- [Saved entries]
===
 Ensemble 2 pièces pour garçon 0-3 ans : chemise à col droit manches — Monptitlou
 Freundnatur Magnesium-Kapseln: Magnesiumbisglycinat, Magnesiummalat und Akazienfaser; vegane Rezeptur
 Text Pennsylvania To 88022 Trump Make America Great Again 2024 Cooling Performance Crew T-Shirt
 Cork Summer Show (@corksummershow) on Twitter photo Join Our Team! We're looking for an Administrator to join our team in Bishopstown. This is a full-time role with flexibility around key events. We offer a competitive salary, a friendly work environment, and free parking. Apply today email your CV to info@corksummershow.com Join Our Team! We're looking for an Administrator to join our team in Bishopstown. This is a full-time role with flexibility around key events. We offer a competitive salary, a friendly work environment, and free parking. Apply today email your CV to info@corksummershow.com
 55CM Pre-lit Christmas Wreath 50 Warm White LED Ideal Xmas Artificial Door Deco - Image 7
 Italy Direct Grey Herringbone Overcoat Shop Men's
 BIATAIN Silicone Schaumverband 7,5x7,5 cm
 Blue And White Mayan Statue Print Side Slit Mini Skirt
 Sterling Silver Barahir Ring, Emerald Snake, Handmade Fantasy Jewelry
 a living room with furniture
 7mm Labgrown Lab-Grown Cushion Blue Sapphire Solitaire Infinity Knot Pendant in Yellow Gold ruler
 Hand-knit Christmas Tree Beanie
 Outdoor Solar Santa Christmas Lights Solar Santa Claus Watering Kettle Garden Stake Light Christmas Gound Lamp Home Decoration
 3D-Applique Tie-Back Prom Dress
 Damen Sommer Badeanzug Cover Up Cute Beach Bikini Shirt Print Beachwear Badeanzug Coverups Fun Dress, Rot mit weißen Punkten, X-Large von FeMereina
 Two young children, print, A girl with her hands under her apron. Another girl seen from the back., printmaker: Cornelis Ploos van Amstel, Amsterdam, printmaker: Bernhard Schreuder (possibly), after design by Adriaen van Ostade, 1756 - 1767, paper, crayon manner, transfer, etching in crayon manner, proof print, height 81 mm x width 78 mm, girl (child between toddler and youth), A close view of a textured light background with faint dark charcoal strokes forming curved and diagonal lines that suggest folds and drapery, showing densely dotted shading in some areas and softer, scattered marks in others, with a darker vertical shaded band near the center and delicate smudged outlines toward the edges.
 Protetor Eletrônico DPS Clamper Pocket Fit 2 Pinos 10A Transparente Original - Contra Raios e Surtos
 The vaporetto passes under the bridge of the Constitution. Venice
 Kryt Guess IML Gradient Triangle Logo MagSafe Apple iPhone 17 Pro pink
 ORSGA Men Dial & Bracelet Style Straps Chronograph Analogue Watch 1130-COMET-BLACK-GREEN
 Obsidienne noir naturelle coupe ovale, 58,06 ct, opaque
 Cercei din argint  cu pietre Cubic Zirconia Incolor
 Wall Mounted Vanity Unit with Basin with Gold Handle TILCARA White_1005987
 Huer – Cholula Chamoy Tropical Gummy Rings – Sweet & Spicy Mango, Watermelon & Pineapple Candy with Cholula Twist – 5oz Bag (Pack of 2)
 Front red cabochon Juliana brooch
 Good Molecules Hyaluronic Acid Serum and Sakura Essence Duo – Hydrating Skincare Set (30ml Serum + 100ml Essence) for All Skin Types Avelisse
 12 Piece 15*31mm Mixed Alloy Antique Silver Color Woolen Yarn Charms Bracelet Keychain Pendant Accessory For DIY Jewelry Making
===
- [Work task]
Begin with the line above that has "BIATAIN Silicone Schaumverband 7,5x7,5 cm" and continue through the line that has "Protetor Eletrônico DPS", setting each one down exactly. Stop there.

- [Exercise response]
 BIATAIN Silicone Schaumverband 7,5x7,5 cm
 Blue And White Mayan Statue Print Side Slit Mini Skirt
 Sterling Silver Barahir Ring, Emerald Snake, Handmade Fantasy Jewelry
 a living room with furniture
 7mm Labgrown Lab-Grown Cushion Blue Sapphire Solitaire Infinity Knot Pendant in Yellow Gold ruler
 Hand-knit Christmas Tree Beanie
 Outdoor Solar Santa Christmas Lights Solar Santa Claus Watering Kettle Garden Stake Light Christmas Gound Lamp Home Decoration
 3D-Applique Tie-Back Prom Dress
 Damen Sommer Badeanzug Cover Up Cute Beach Bikini Shirt Print Beachwear Badeanzug Coverups Fun Dress, Rot mit weißen Punkten, X-Large von FeMereina
 Two young children, print, A girl with her hands under her apron. Another girl seen from the back., printmaker: Cornelis Ploos van Amstel, Amsterdam, printmaker: Bernhard Schreuder (possibly), after design by Adriaen van Ostade, 1756 - 1767, paper, crayon manner, transfer, etching in crayon manner, proof print, height 81 mm x width 78 mm, girl (child between toddler and youth), A close view of a textured light background with faint dark charcoal strokes forming curved and diagonal lines that suggest folds and drapery, showing densely dotted shading in some areas and softer, scattered marks in others, with a darker vertical shaded band near the center and delicate smudged outlines toward the edges.
 Protetor Eletrônico DPS Clamper Pocket Fit 2 Pinos 10A Transparente Original - Contra Raios e Surtos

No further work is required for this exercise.